La France est depuis longtemps un pays gros consommateur de médicaments, en particulier d’antibiotiques, et il est difficile de faire changer les habitudes, tant celles des médecins que celles des patients qui suscitent les prescriptions, puis prennent leurs antibiotiques comme ils l’entendent. Or, un antibiotique mal choisi, donné à dose insuffisante ou de façon inadaptée, ou encore arrêté trop tôt, contribue à sélectionner des bactéries à lui résistantes. L’antibiothérapie est devenue aujourd’hui un domaine médical complexe et à dire vrai difficile à bien appréhender par les non-spécialistes. D’où des prescriptions de nature à favoriser les résistances bactériennes, auxquelles s’ajoute une assez fréquente tendance chez le patient à changer la dose et la durée du traitement antibiotique, à cesser le traitement dès qu’il se sent mieux, autant de comportements favorisant la résistance aux antibiotiques.

Par ailleurs, si l’on commençait tout traitement antibiotique par une bithérapie, c’est-à-dire deux antibiotiques, on diminuerait énormément l’émergence des résistances. Bien sûr, cela coûterait plus cher et augmenterait le nombre d’effets secondaires. Mais cette option n’est malheureusement jamais discutée. Son efficacité est cependant avérée, sous réserve évidemment d’une bonne observance lors des traitements en ambulatoire (à domicile).

De nombreux pays développés ont élaboré une politique de lutte contre la résistance des bactéries aux antibiotiques. Le premier plan national français pour préserver l'efficacité des antibiotiques a défini un programme d’actions pluriannuel 2001-2005 avec pour objectif de maîtriser et de rationaliser la prescription des antibiotiques. Une deuxième phase 2007–2010 a eu pour objectif de poursuivre les actions engagées et mettre en œuvre de nouvelles actions. Ce plan a été piloté par le Comité national de suivi du plan antibiotique. Le dernier plan a été appelé, son intitulé est explicite, "Plan d’alerte sur les antibiotiques 2011-2016" ; il a poursuivi les actions précédentes et proposé un objectif de baisse des consommations d’antibiotiques de 25 %.
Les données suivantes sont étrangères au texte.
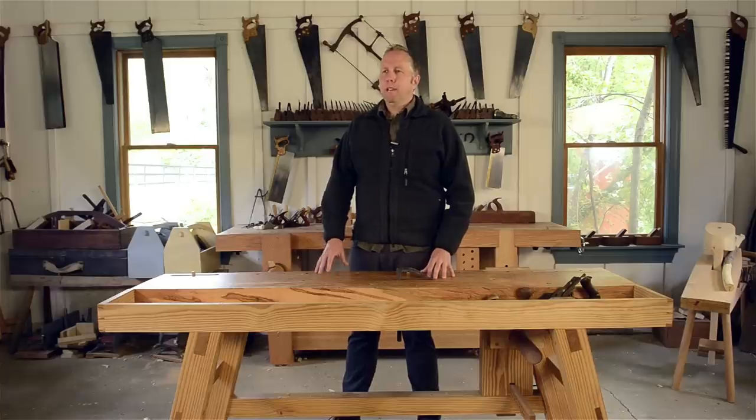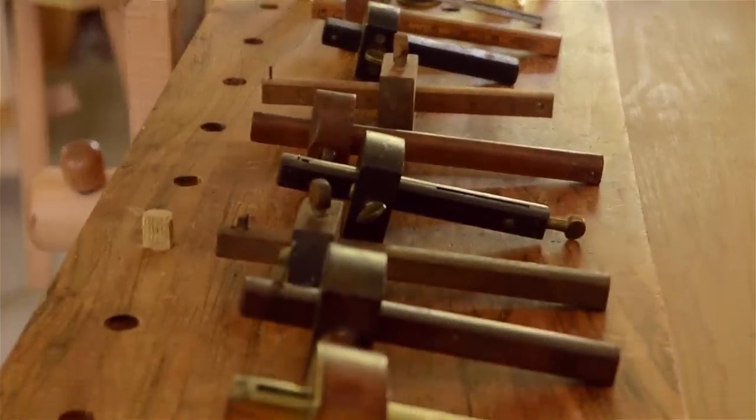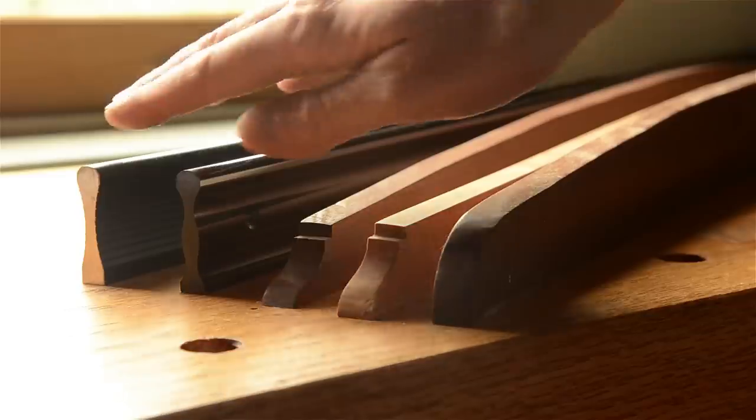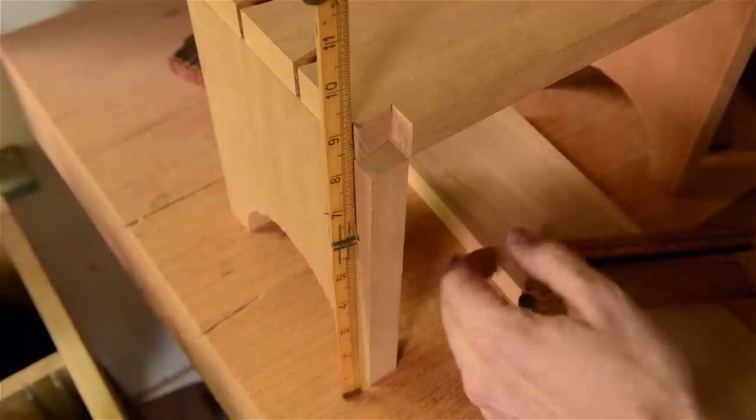Hi, I'm Joshua Farnsworth and welcome back to my woodworking school. In part two of my guide on layout marking and measuring tools, I'll be talking about marking gauges, mortise gauges, marking knives, straight edges, winding sticks, and more tools that you'll need for woodworking.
Mais ce n’est pas tout : il y a aussi tous les antibiotiques qui se trouvent dans nos aliments provenant de la viande de volaille, de porc, de bœuf et de poisson d’élevage. Si, en médecine humaine, le premier plan antibiotique national date donc de 2001, en médecine vétérinaire, il a vu le jour en 2011 : un retard de dix années a donc été pris par rapport à la médecine humaine ; c’est un gros handicap. Il est particulièrement fâcheux de constater que cet aspect vétérinaire et agricole de la résistance bactérienne aux antibiotiques a très longtemps été laissé dans l’ombre. De plus, certains antibiotiques ont, pendant des décennies, été utilisés comme facteurs de croissance dans l’élevage des porcs et des veaux (cet effet s’explique par une action de ces antibiotiques sur le "microbiote" intestinal - bactéries de l’intestin - : les animaux deviennent plus gras). Heureusement, cette utilisation de certains antibiotiques comme facteur de croissance est aujourd’hui interdite dans la Communauté européenne.

Ces plans d’action ont déjà commencé à porter leurs fruits. Ils ne seront en aucun cas spectaculaires, mais ils devraient entraîner une réelle diminution des résistances bactériennes aux antibiotiques. Cette diminution sera de toute façon lente et relative. Elle cessera si les efforts cessent, car les résistances bactériennes ne demandent qu’à remonter. Nous sommes donc typiquement dans une action à long terme, de type développement et redressement durables. C’est une lutte difficile et de longue haleine.